The experimental infrastructure has been already successfully implemented and utilized in experimental verification of a question routing method based on non-QA data [13] and a reputation method [14], which we evaluated by means of three Stack Exchange datasets (with 10 to 20 thousands of questions in each of them) and consequently we took advantage of experimental infrastructure and we simply deployed its implementation in Askalot, where it is in production environment since May 2015.

Fig. 2.
figure 2

Overview of experimental infrastructure.

5 Conclusion

Drawing upon the case study on CQA system Askalot, we showed several design recommendations how concepts of CQA systems can be adapted to an educational context and organizational environment with achieving high flexibility and scalability. It allowed us to deploy Askalot in three instances at two universities and in MOOC system edX. Askalot can be characterized also as an open platform based on the universal experimental infrastructure. It can be easily used to implement and evaluate various collaboration support methods (e.g. question recommendation) and even evaluate these methods with data from live system or offline datasets without any code modifications.

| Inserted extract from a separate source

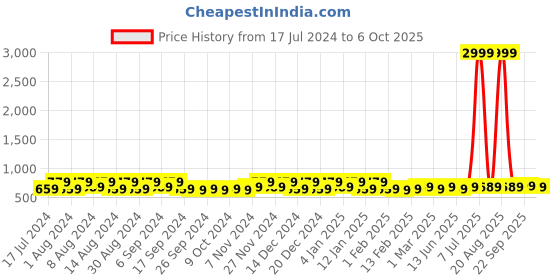 myntra.com Kuber Industries Grey 3 Pieces Multi-Utility Foldable Organisers kuber industries Price History Graph from 17 Jul 2024 to 6 Oct 2025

Our current primary goal is to deploy Askalot at several edX courses and collect feedback from students in order to make it even more suited for question answering in MOOCs. In addition, we plan to study specifics of educational question answering process in more details and propose new adaptive support methods for (1) question routing and (2) question retrieval from archives of questions solved in the previous academic years or courses. Another possible direction for our future work is finding a solution how to tackle with performance decrease in experimental infrastructure which naturally appears at the cost of high flexibility.